Antes de mudarme a la Ciudad de México vivía en Silver Lake, el barrio angelino donde crecí y que ahora aloja a una curiosa mezcla de gays, mexicanos, asiáticos de varias nacionalidades, jóvenes familias blancas y yuppies y una muchedumbre de veinteañeros bisexuales tatuados, perforados y generalmente fascinados por cualquier moda exótica o primitiva, o las dos cosas. Si en algún lugar me siento en casa es ahí, probablemente.
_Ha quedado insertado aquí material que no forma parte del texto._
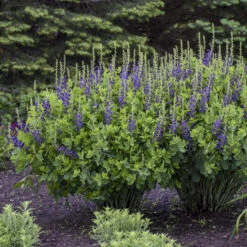 Decadence® 'Sparkling Sapphires' False Indigo 8 Decadence® 'Sparkling Sapphires' False Indigo -Great Garden Plants Baptisia SparklingSapphires FalseIndigo 2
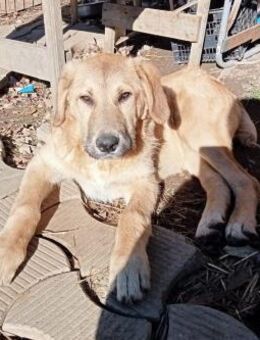 Hugo der Riese im Schafspelz - Schwerte (Hansestadt an der Ruhr)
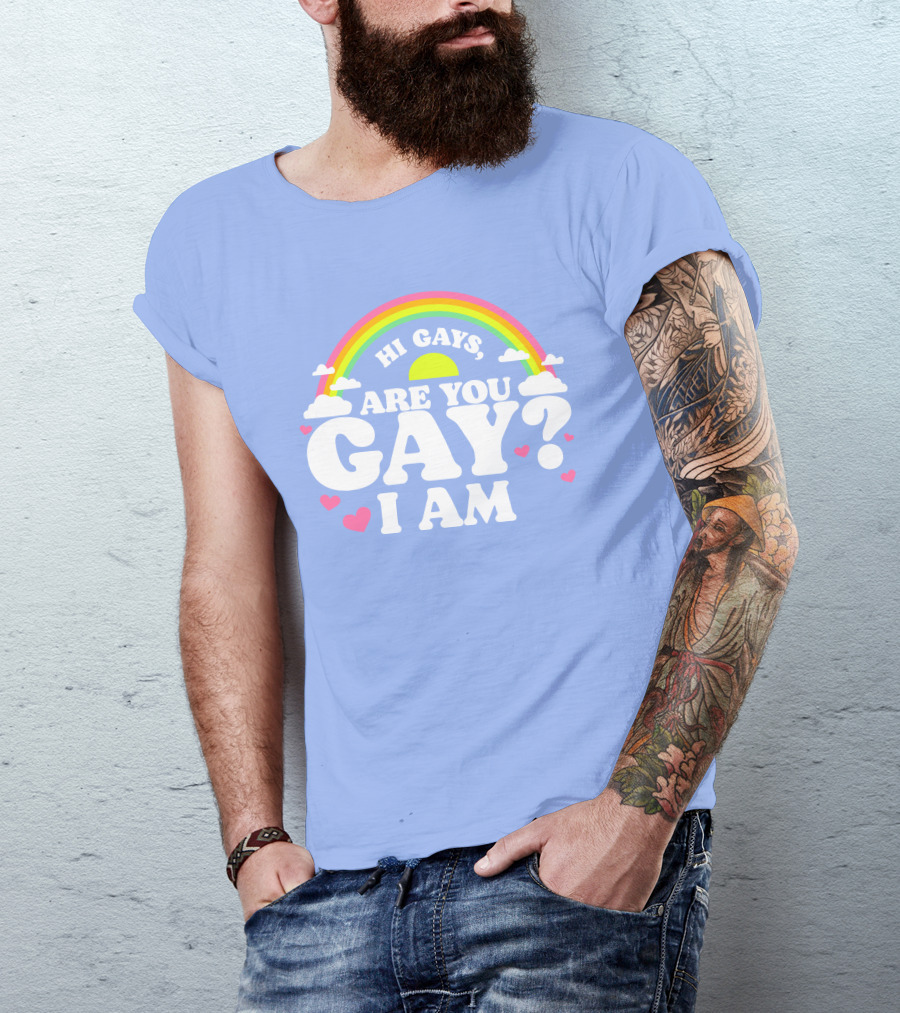 Chrissy Chlapecka Merch Hi Gays Are You Gay I Am With Rainbow And Hearts T-Shirt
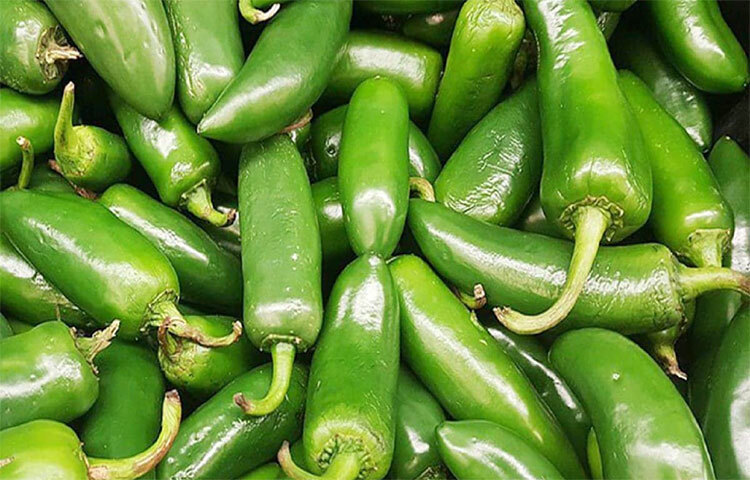 ক্যান্সার দূরে রাখে: কাঁচামরিচে রয়েছে প্রচুর অ্যান্টিঅক্সিডেন্ট, যা শরীরে জমে থাকা ক্ষতিকর টক্সিক উপাদান বের করে দেয়। ফলে স্বাভাবিকভাবেই ক্যান্সার সেল জন্ম নেয়ার আশঙ্কা প্রায় থাকে না বললেই চলে। ছবি: সংগৃহীত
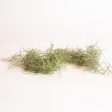 Air Plant  Spanish Moss  Thick Bundle Cheap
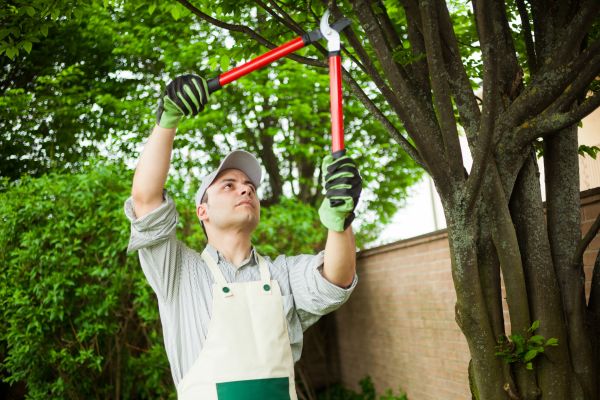 Tree Limb Pruning in Sandy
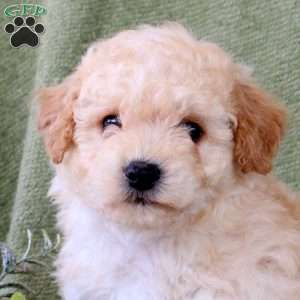 Dover, Bich-Poo Puppy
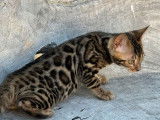 Des chatons Bengals LOOF à vendre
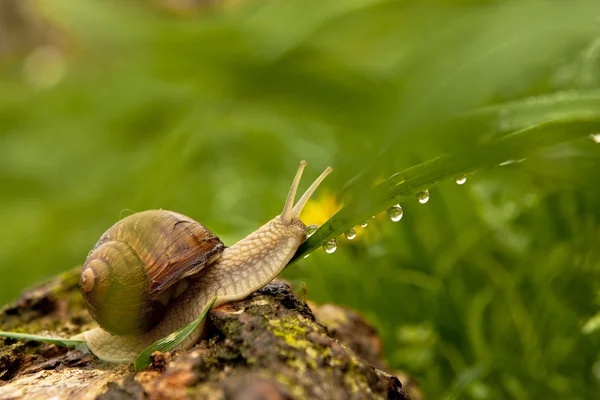 Snail drinks water drops — Stock Photo, Image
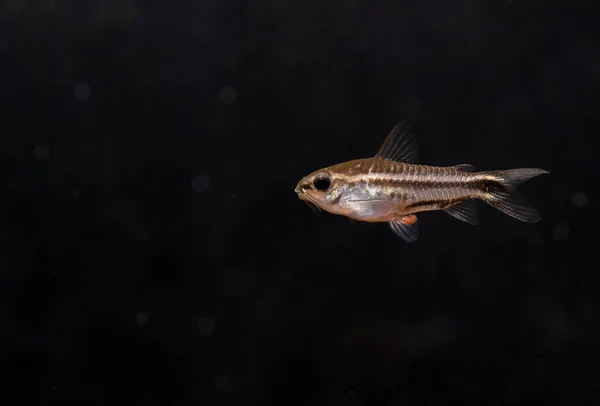 青铜科利多拉鱼或小鱼在黑暗背景下在淡水水族箱中游泳 美丽的小动物的概念有助于放松 — 图库照片
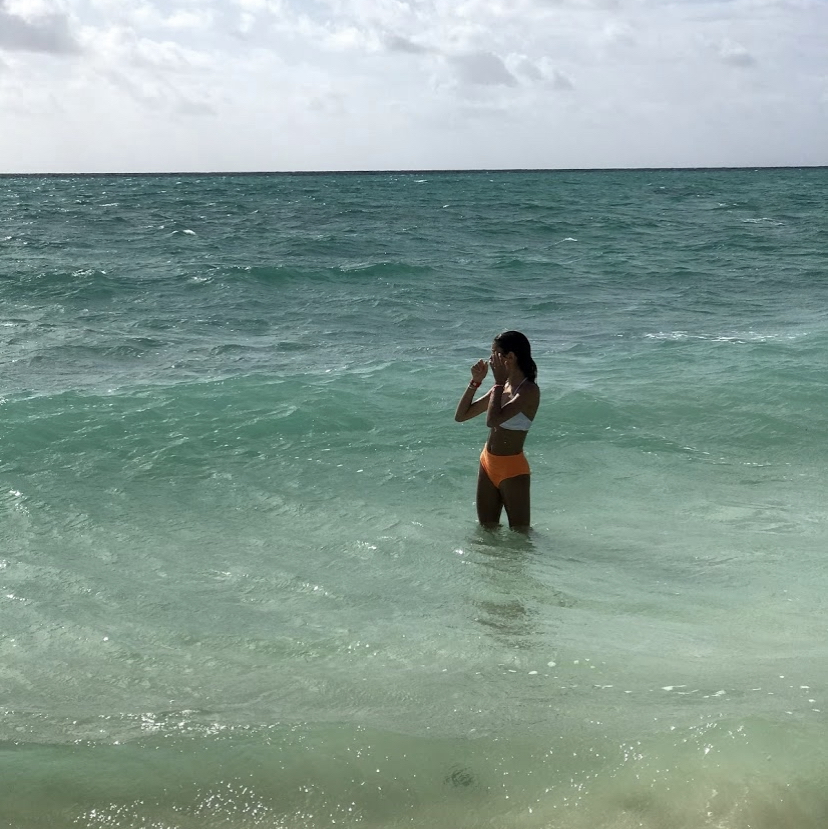 @Plant_daddy69 avatar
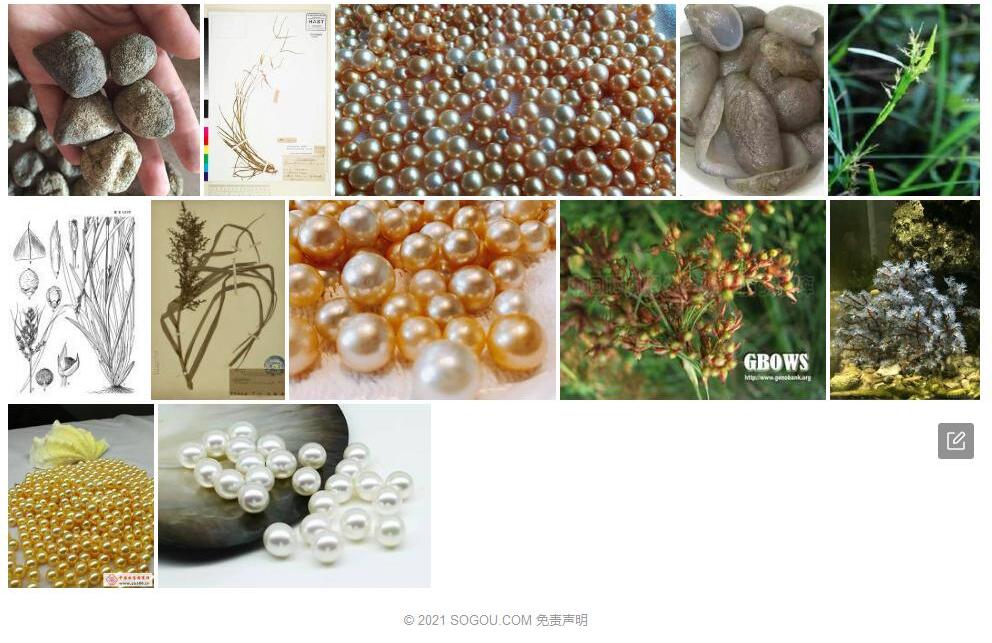 印尼珍珠茅照片和图片/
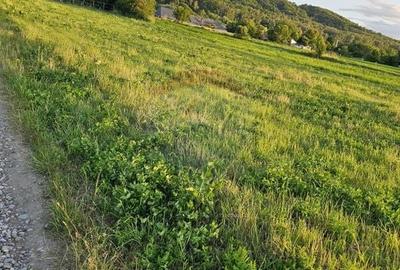 Teren Construcții intravilan de 1495 mp, în Dobreni - 29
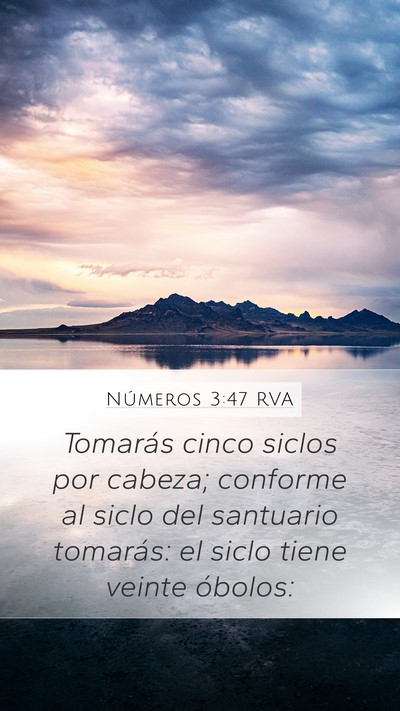 Números 3:47 RVA Mobile Phone Wallpaper - Tomarás cinco siclos por cabeza; conforme al - Mobile Bible Verse Wallpaper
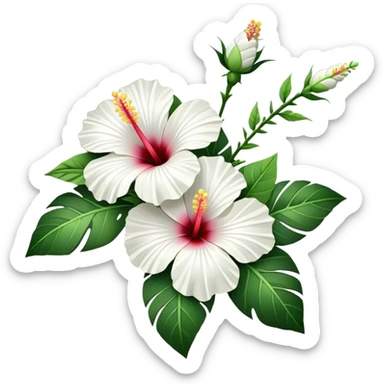 bouquet white Hawaiian hibiscus, luxuriant, stem, leaf, bud sticker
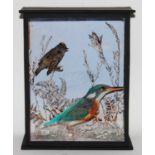 * A taxidermy Firecrest (Regulus ignicapilla) and Kingfisher (Alcedo athis), mounted in a snow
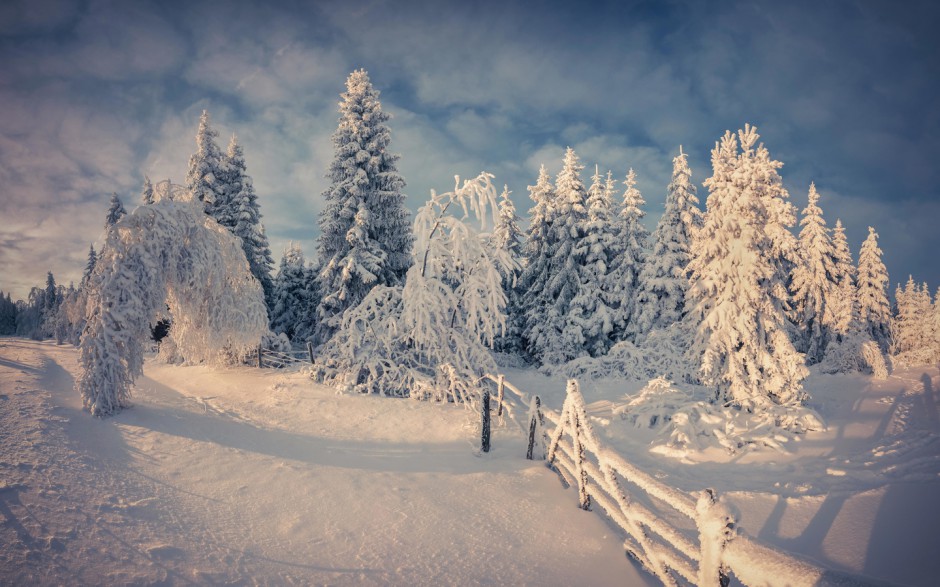 雪中美景唯美壁纸高清组图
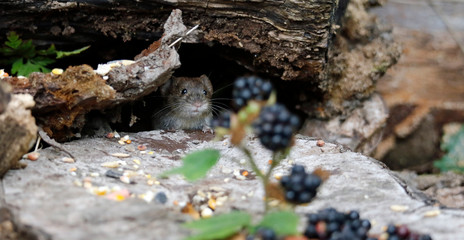 Obraz premium Bank vole collecting berries and seeds in a wood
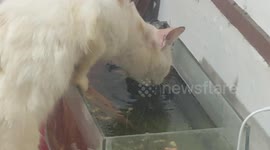 cat and fish friendship
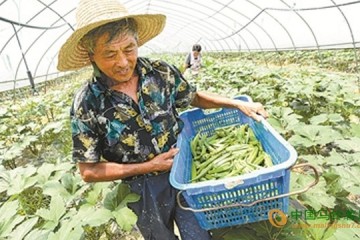 寧波市：氣溫升高 蔬菜俏銷 ()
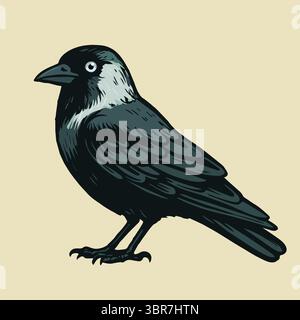 Un'illustrazione di un'illustrazione del jackdaw occidentale. L'uccello è raffigurato lateralmente. Occhio feroce.sfondo giallo chiaro Illustrazione Vettoriale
Pero encuentro también que me siento como en casa en la Ciudad de México, la aglomeración urbana más grande del mundo -descrita perfectamente por el fotógrafo Pablo Ortiz Monasterio como La última ciudad-, donde viví en la calle de Veracruz, de la colonia Condesa, emparentada un poco con el distrito de Silver Lake por su curiosa mezcla de gays, judíos y una variedad de mexicanos blancos, parejas de jóvenes yuppies y una muchedumbre de veinteañeros bisexuales, tatuados, perforados y generalmente fascinados por cualquier moda exótica o primitiva, o por las dos cosas (a esta lista debo añadir que, en los fines de semana, una multitud de familias jóvenes, humildes, de origen indio en su mayoría, incluyendo abuelas, padres y madres, numerosos niños, así como bandas de adolescentes igualmente pobres en diferentes etapas de la rebeldía -heavymetaleros, postpunks, hippies tardíos, etc.,- cruzan por la avenida Veracruz para visitar alguno de los tres parques más hermosos de la Ciudad de México).

 

Es en lugares como éstos donde me siento en casa, y actualmente hay muchos lugares así en las fronteras. Y por "fronteras" quiero decir la región por la que he viajado durante el último año y medio: la mejor parte de los Estados Unidos y México, tan lejos al sur como Chiapas y tan lejos al norte como Wisconsin.

 

El libro que estoy escribiendo trata de indios, pentecostales, fugitivos sexuales de varias tendencias, niños de la calle, brujas y rebeldes de varias clases. En realidad, y aunque yo no soy ninguno de éstos, he andado con ellos tanto tiempo como para saber que prefiero su compañía a la de las parejas de yuppies, y esto dice algo sobre quién soy. Estas gentes, todos ellos, en el sentido más amplio, son migrantes: han empacado y abandonado un hogar por otro -en varios planos: físico, sexual, político, cultural, espiritual- o se encuentran aún en tránsito.

 

 

Los migrantes desarrollan a menudo una conciencia múltiple, sincrética, y por lo mismo poseen personalidades muy dinámicas; son capaces de cosas grandiosas y a veces terribles. Los "nativos" de los Estados Unidos quieren ver únicamente lo negativo; los migrantes, en el mejor de los casos, son usurpadores ("¡nos están robando nuestros empleos!") o, en el peor, como criminales llanos y puros. Y, por supuesto, son ilegales o fugitivos porque, después de todo, los migrantes han roto con una serie de códigos legales y morales, al menos con aquellos vigentes en la cultura "legal". Para mí son forajidos en el sentido heroico, ya que las leyes que han violado son, en mi opinión, hipócritas y corruptas hasta la médula.

 

Escribo sobre ellos porque, quienquiera que seas y dondequiera que estés, no importa tu opinión sobre los "ilegales", quiero que tú conozcas a esta gente. Creo que ellos tienen algo que decirnos a todos nosotros. Raras veces su voz se escucha en los medios, en nuestros debates políticos y culturales, lo que me parece muy extraño, ya que ellos han estado en el mismo centro de nuestros debates políticos y culturales.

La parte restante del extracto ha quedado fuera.